# 2 Dress or not to Dress??



## jonrconner (May 20, 2015)

Definitely dress, lately using Umpqua Russ Peake dressing, very slick, easy to apply, I don’t know how much distance it might add, but it makes casting a lot easier.
JC


----------



## Rick hambric (Jun 24, 2017)

Depends on the line. My Cortland flats taper, most definitely. Sa amplitude, not so much, only a good cleaning. I will use 100% silicone for dressing.


----------



## BM_Barrelcooker (May 4, 2011)

Ya'll gonna laugh at my country ways but I just use a little veggie oil.

Orvis brand of course.


----------



## SomaliPirate (Feb 5, 2016)

I've been using the Scientific Angler stuff, but I still can't cast worth a damn.


----------



## Rick hambric (Jun 24, 2017)

SomaliPirate said:


> I've been using the Scientific Angler stuff, but I still can't cast worth a damn.


finally an honest man amongst us!!!


----------



## Bonecracker (Mar 29, 2007)

Where's Ted/Backwater when you need him?? I was hoping he would give up his super secret fly line dressing that is only privy to the likes of Mills and Fordyce!!


----------



## eightwt (May 11, 2017)

Have been using Umpqua Glide. Works ok. Wash lines after each use. Apply dressing with fingers.


----------



## Zika (Aug 6, 2015)

http://lineandlure.com


----------



## el9surf (Dec 23, 2008)

I use the Rio dressing on rare occasion. Honestly I'm pretty bad about line upkeep. I have never felt like I was going to gain substantial distance by dressing my line. I will clean them once in a while but that's usually about it. Then again my lines are either in a bucket or in the water, so they don't get all the deck grime that some people seem to have.


----------



## crboggs (Mar 30, 2015)

Yes...this is real and it works nicely.


----------



## FlyBy (Jul 12, 2013)

SomaliPirate said:


> I've been using the Scientific Angler stuff, but I still can't cast worth a damn.

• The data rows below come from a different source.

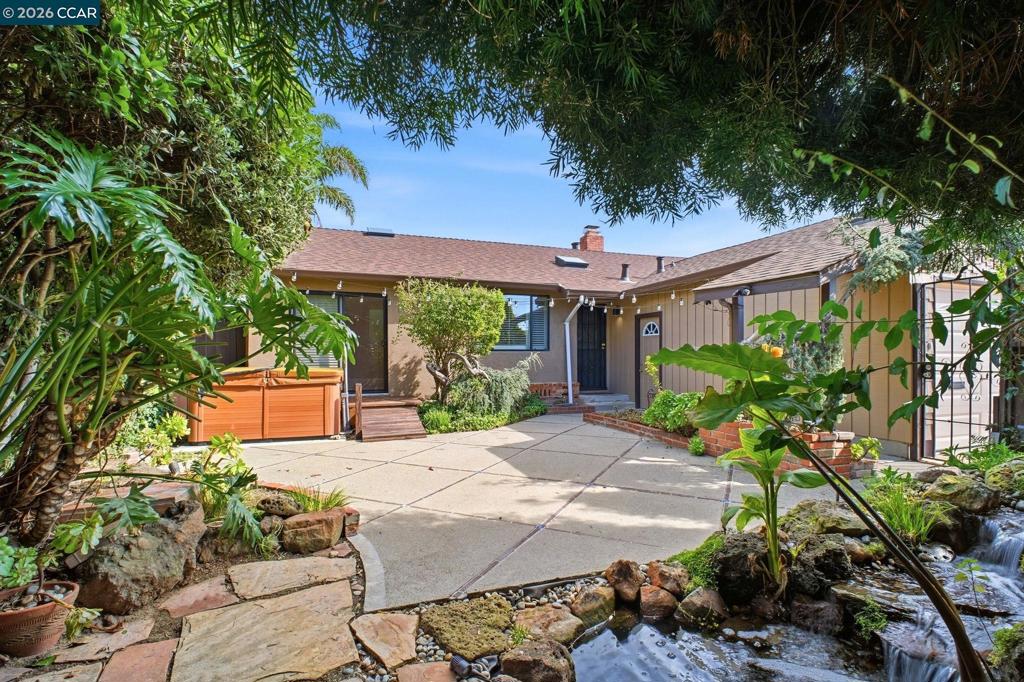 16132 16132 Via Catherine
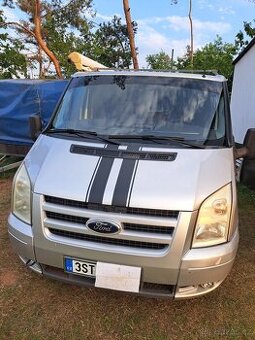 Ford transit 2.2 tdci 81kw NOVÁ STK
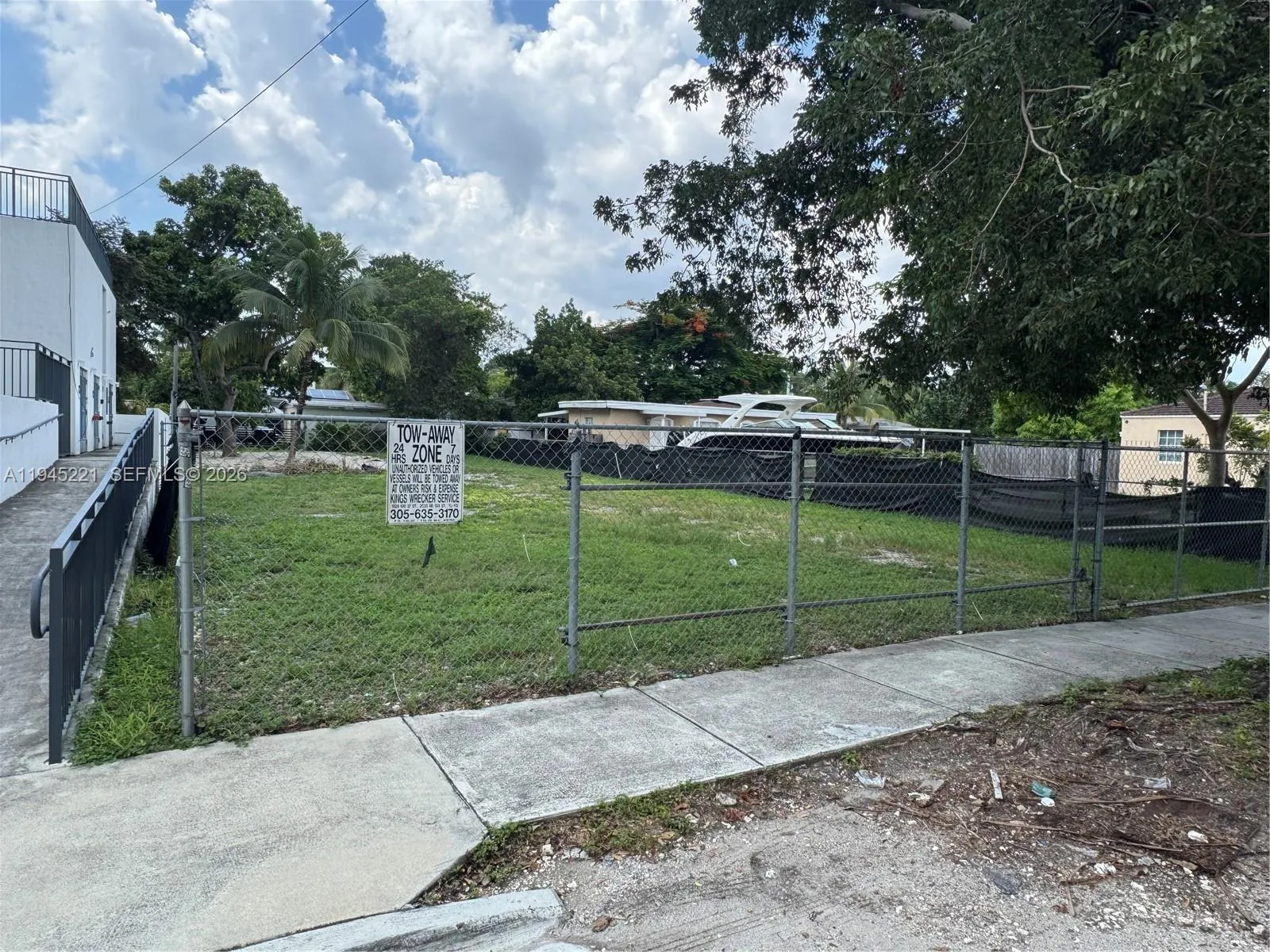 for sale at 2720 SW 17th St, Miami FL 33145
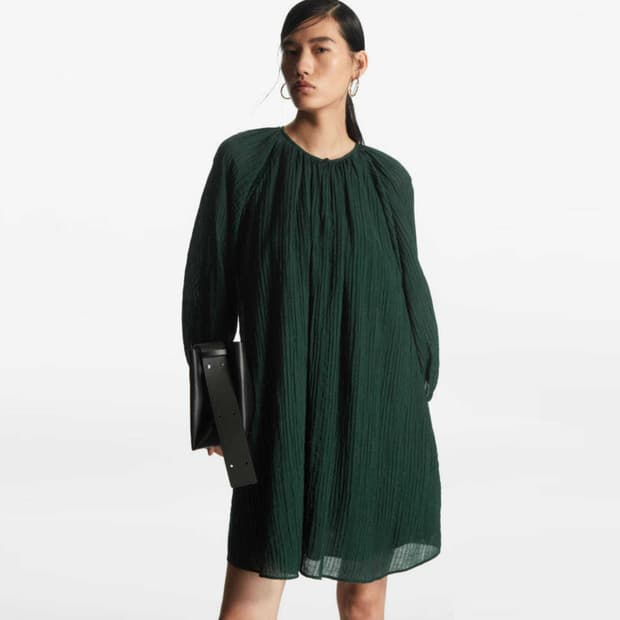 COS 퍼프소매 시어서커 원피스 프리사이즈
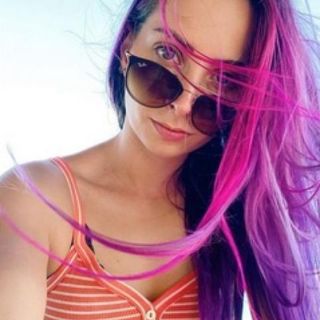 YosStop anuncia que ya es mamá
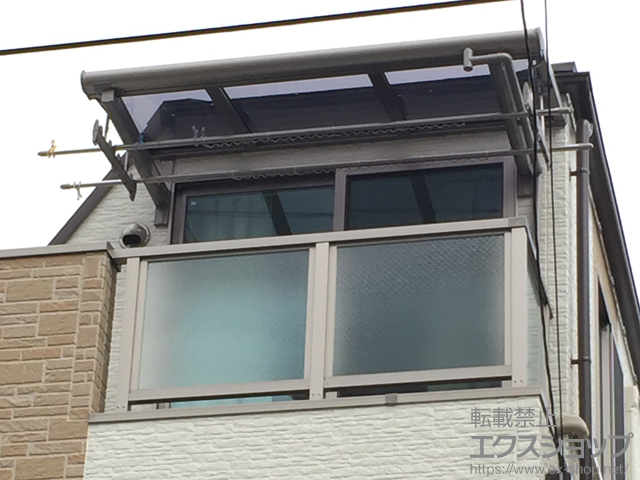 東京都北区のLIXIL リクシル（トステム）のバルコニー・ベランダ屋根 パワーアルファ F型 ルーフタイプ 単体 積雪〜30cm対応 施工例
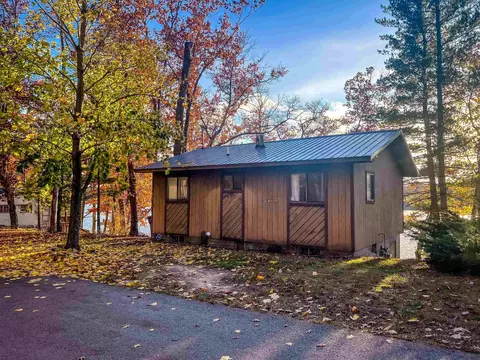 976 Hillcrest, Harrison, MI 48625 photo 4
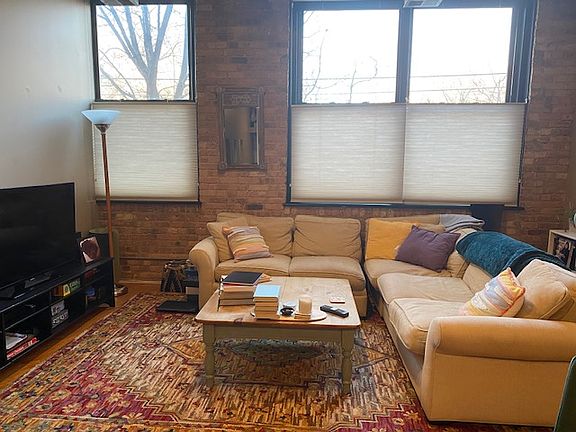 4th image of 3201 N Ravenswood Ave APT 104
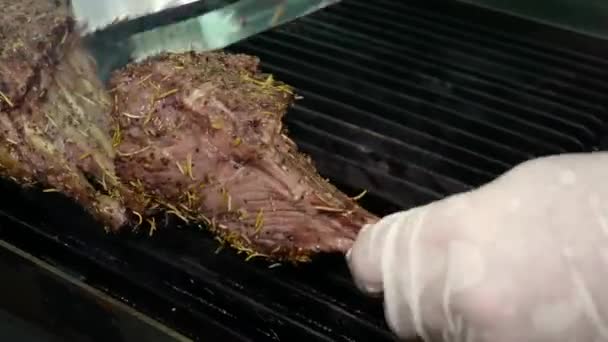 Grilluj Mięso Żebrach Mięso Jest Grillowane Przyprawami Przy Otwartym Ogniu — Wideo stockowe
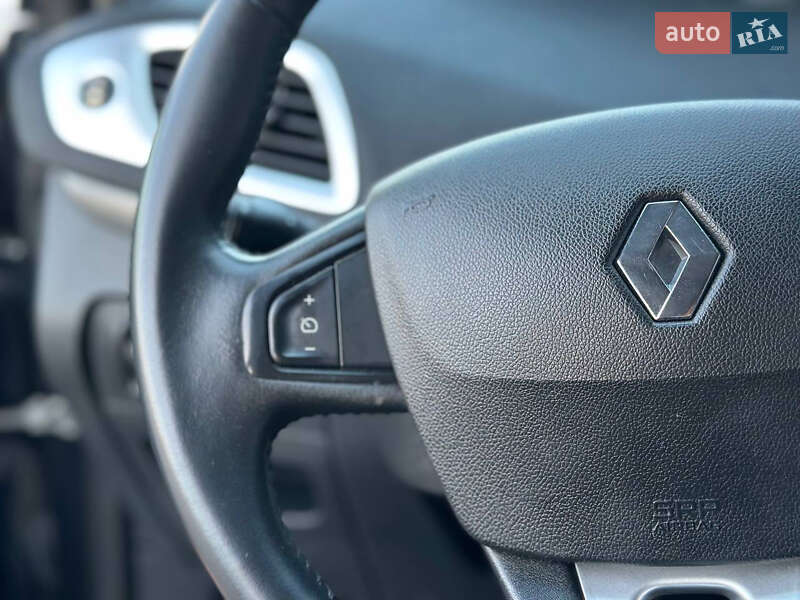 Мінівен Renault Grand Scenic 2010 в Дніпрі фото 34 Мінівен Renault Grand Scenic 2010 в Дніпрі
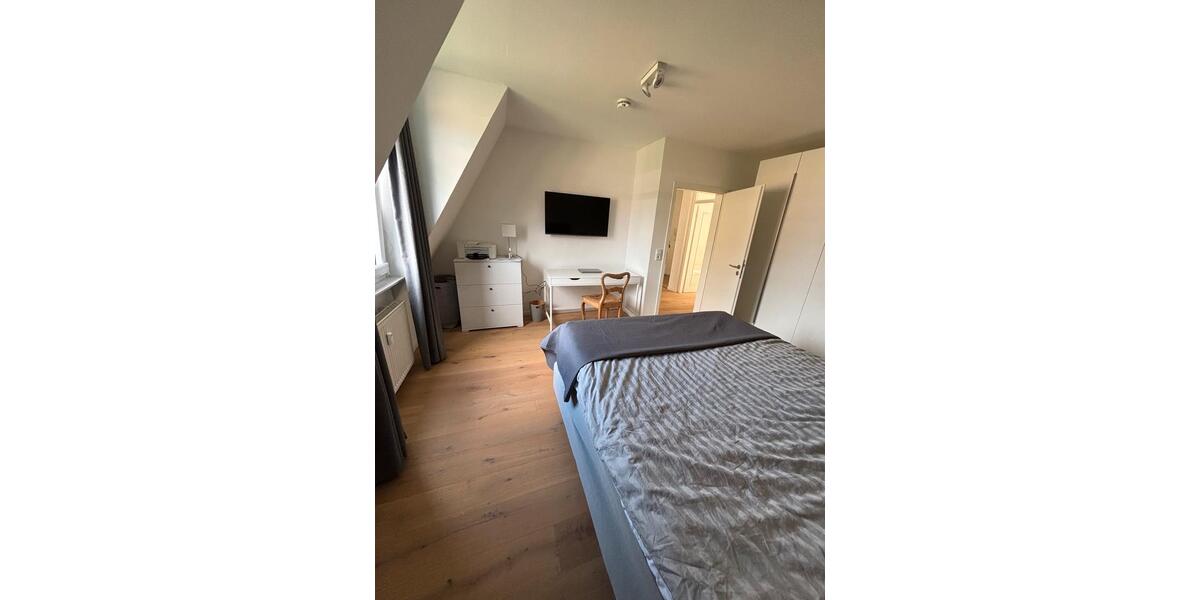 Dachgeschoßwohnung Hannover Bothfeld-Vahrenheide - 2 Zimmer, 69 m&sup2;, 275.000&euro; | Angebot:27535905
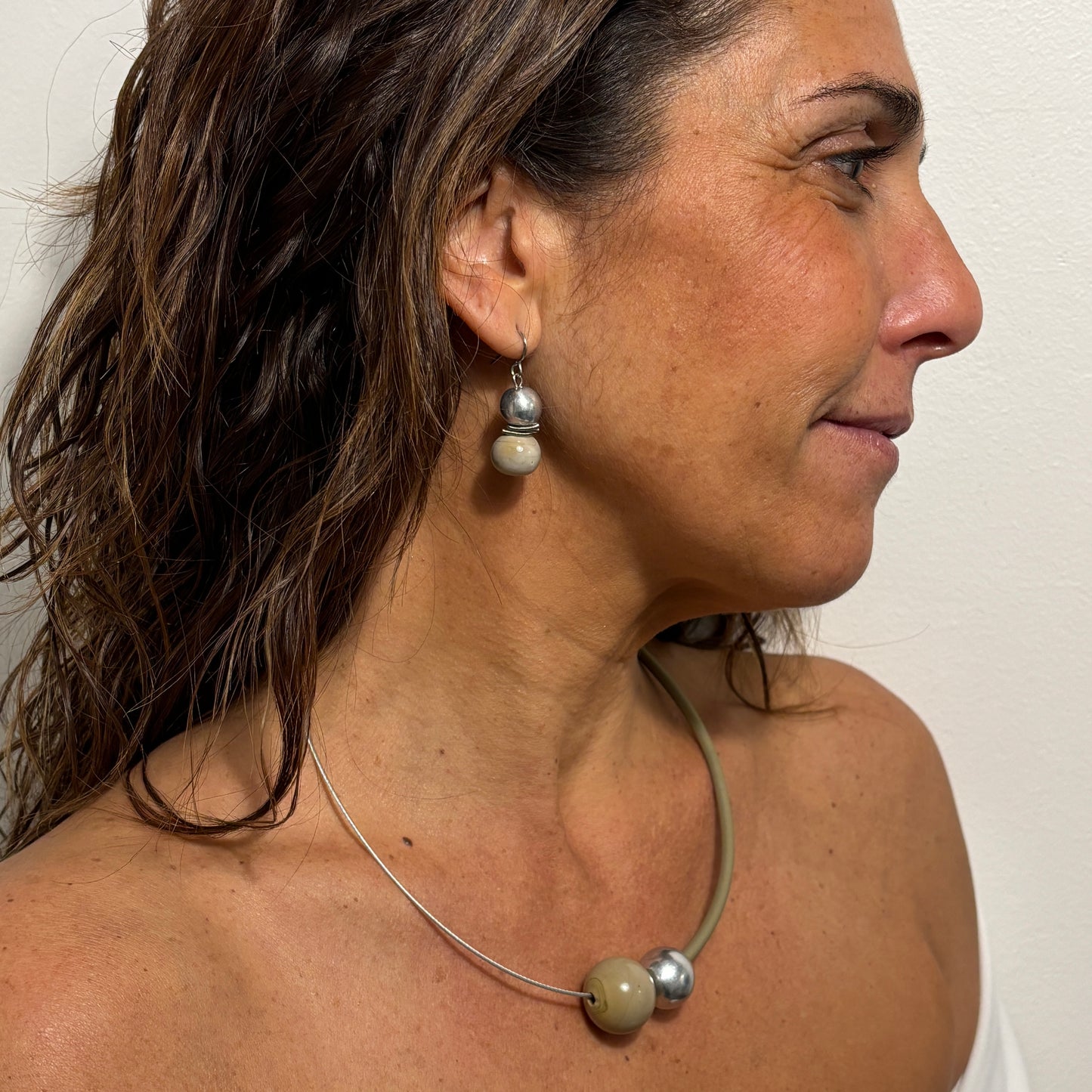 Conjunto con perlas de vidrio de Murano MAREA NORD · Jolly Venezia × Caomka. Color BEIGE/MARFIL/PLATA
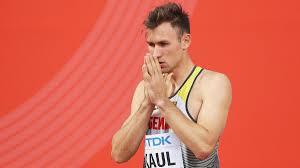 He won the gold medal in the decathlon at the 2019 world championships, becoming the youngest ever decathlon world champion. Zehnkampf Weltmeister Niklas Kaul Muss Saison Vorzeitig Beenden Eurosport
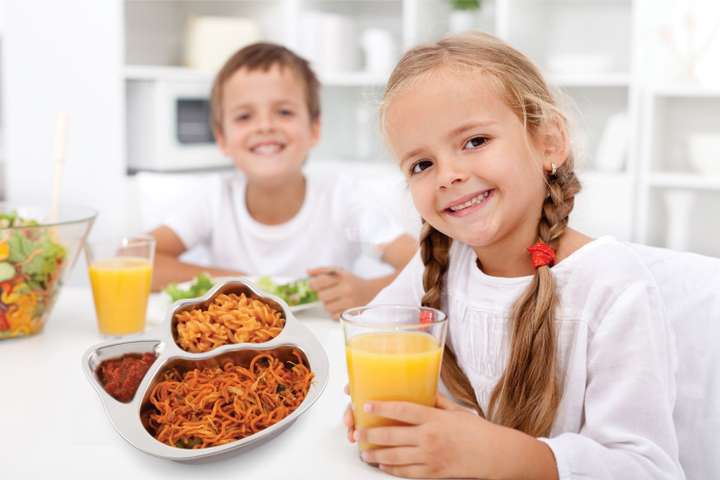 Kids eating plates online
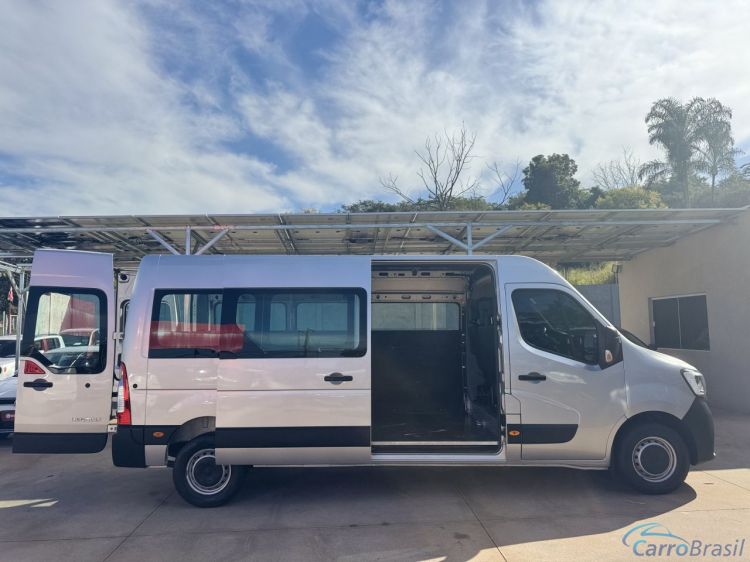 Beneto Veculos | Master 2.3 dCi Extra F.Vitre 16V Diesel 23/24 - foto 8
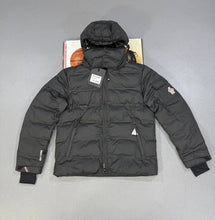 Load image into Gallery viewer, Jacket men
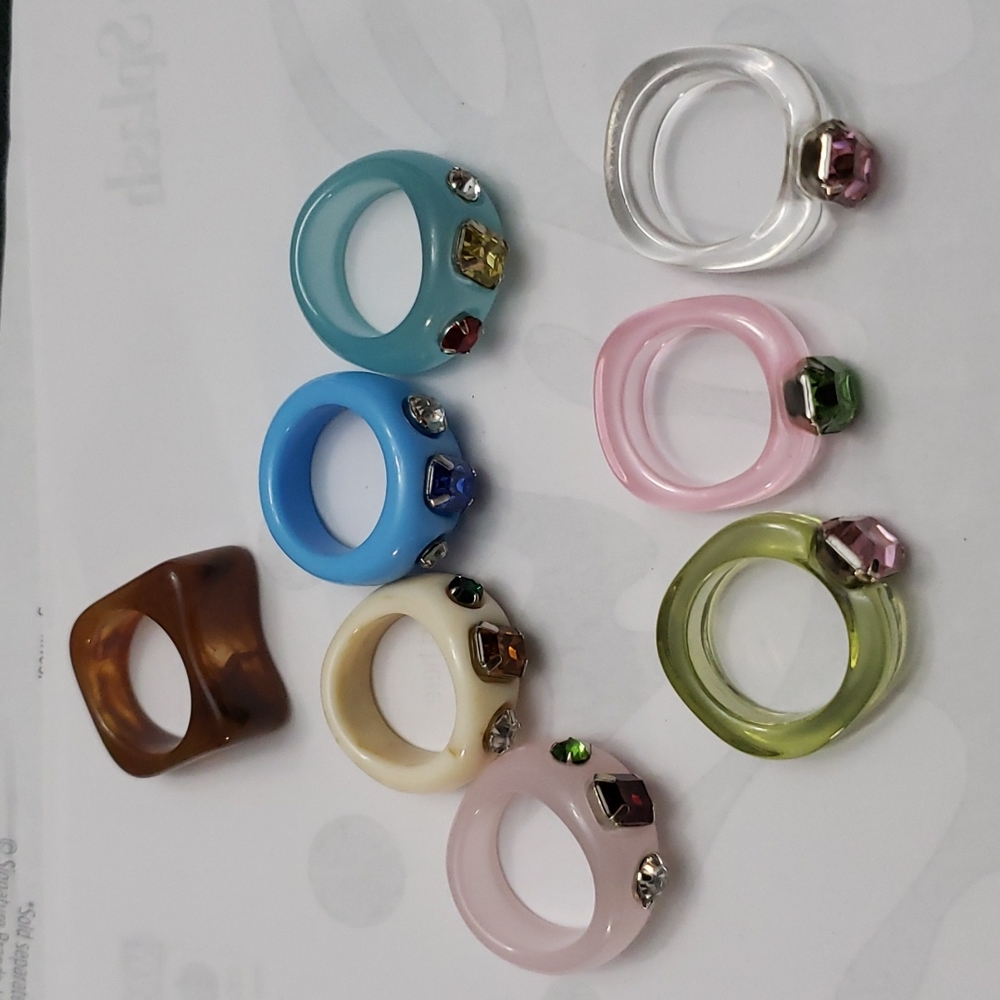 8 Plastic Costume Rings - Picture 8 of 10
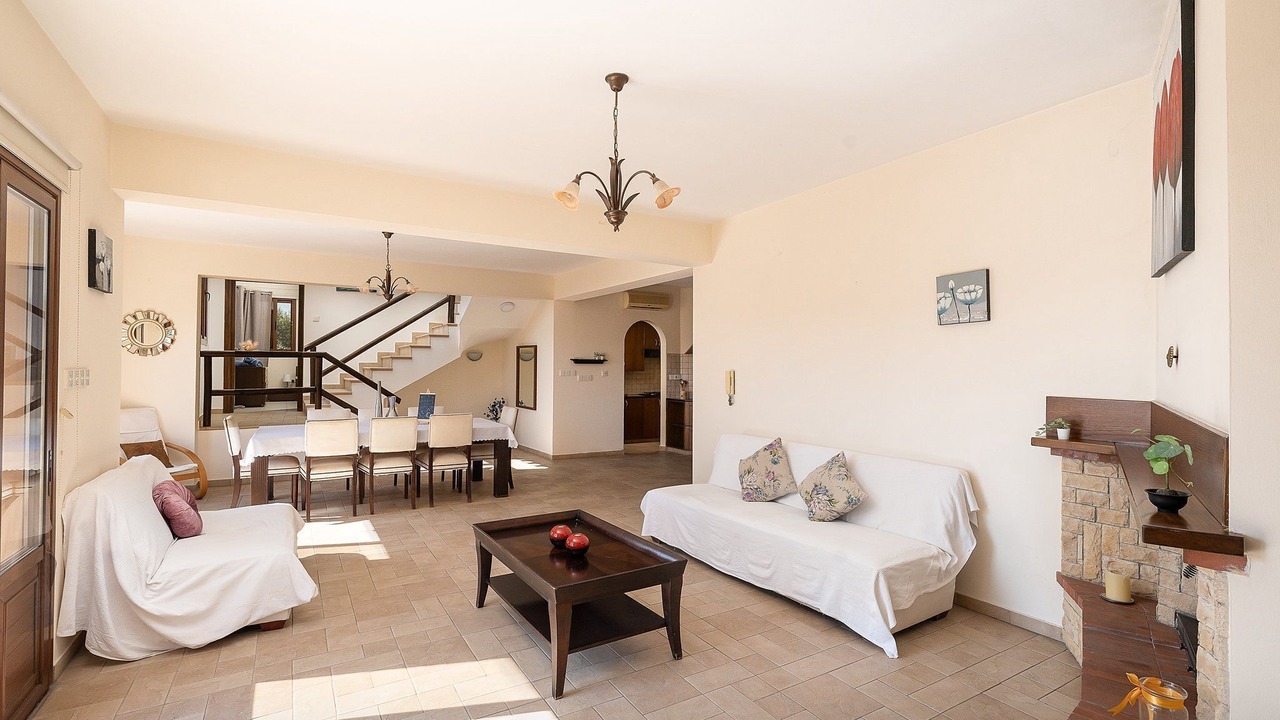 Photo of Livingroom in Letymvou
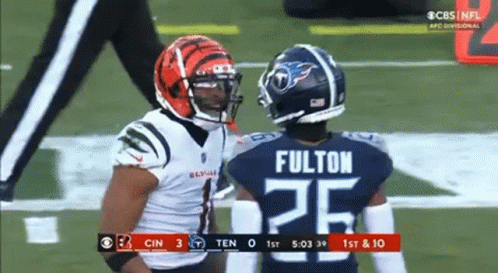 Ja'marr Chase Talking To Fulton GIF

Thanks, now I know what my problem is.


----------



## FlyBy (Jul 12, 2013)

crboggs said:


> Yes...this is real and it works nicely.


But for what?


----------



## SomaliPirate (Feb 5, 2016)

Y'all think I'm joking. I can't cast to save my life. I'll gladly trade a day on my skiff and a cold beer for anyone in the nature coast area who wants to tell me how screwed up my cast is and how to fix it.


----------



## BM_Barrelcooker (May 4, 2011)

I can do the first part.


----------



## ol' superskiff (Oct 22, 2015)

Just a friendly suggestion, if you use sunscreen scrub it off your fingers after applying, it will turn any line into peanut butter eventually.


----------



## Rick hambric (Jun 24, 2017)

SomaliPirate said:


> Y'all think I'm joking. I can't cast to save my life. I'll gladly trade a day on my skiff and a cold beer for anyone in the nature coast area who wants to tell me how screwed up my cast is and how to fix it.


Calling @Backwater


----------



## Rick hambric (Jun 24, 2017)

SomaliPirate said:


> Y'all think I'm joking. I can't cast to save my life. I'll gladly trade a day on my skiff and a cold beer for anyone in the nature coast area who wants to tell me how screwed up my cast is and how to fix it.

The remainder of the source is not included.